--- Data for processing Enclosed Below ---

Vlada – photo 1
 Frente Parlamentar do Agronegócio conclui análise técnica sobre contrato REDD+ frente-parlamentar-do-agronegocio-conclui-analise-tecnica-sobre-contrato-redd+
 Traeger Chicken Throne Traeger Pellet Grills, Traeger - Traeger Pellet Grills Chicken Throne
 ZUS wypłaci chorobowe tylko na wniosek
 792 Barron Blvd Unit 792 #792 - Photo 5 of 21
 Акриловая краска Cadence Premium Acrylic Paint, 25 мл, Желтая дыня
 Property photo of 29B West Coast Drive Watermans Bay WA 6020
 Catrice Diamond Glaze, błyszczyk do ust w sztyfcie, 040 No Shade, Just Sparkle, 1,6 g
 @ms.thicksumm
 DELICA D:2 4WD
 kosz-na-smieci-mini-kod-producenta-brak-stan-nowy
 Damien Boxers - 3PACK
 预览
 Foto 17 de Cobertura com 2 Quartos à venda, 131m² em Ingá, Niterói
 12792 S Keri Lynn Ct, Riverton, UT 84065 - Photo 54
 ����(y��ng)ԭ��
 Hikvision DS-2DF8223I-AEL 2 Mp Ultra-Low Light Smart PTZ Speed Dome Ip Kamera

--- End of Enclosed Data for processing ---

### Activity
The lines to retype run from the start of the entries through the line containing "DELICA D:2 4WD"; reproduce them exactly and add nothing.

### Written answer
Vlada – photo 1
 Frente Parlamentar do Agronegócio conclui análise técnica sobre contrato REDD+ frente-parlamentar-do-agronegocio-conclui-analise-tecnica-sobre-contrato-redd+
 Traeger Chicken Throne Traeger Pellet Grills, Traeger - Traeger Pellet Grills Chicken Throne
 ZUS wypłaci chorobowe tylko na wniosek
 792 Barron Blvd Unit 792 #792 - Photo 5 of 21
 Акриловая краска Cadence Premium Acrylic Paint, 25 мл, Желтая дыня
 Property photo of 29B West Coast Drive Watermans Bay WA 6020
 Catrice Diamond Glaze, błyszczyk do ust w sztyfcie, 040 No Shade, Just Sparkle, 1,6 g
 @ms.thicksumm
 DELICA D:2 4WD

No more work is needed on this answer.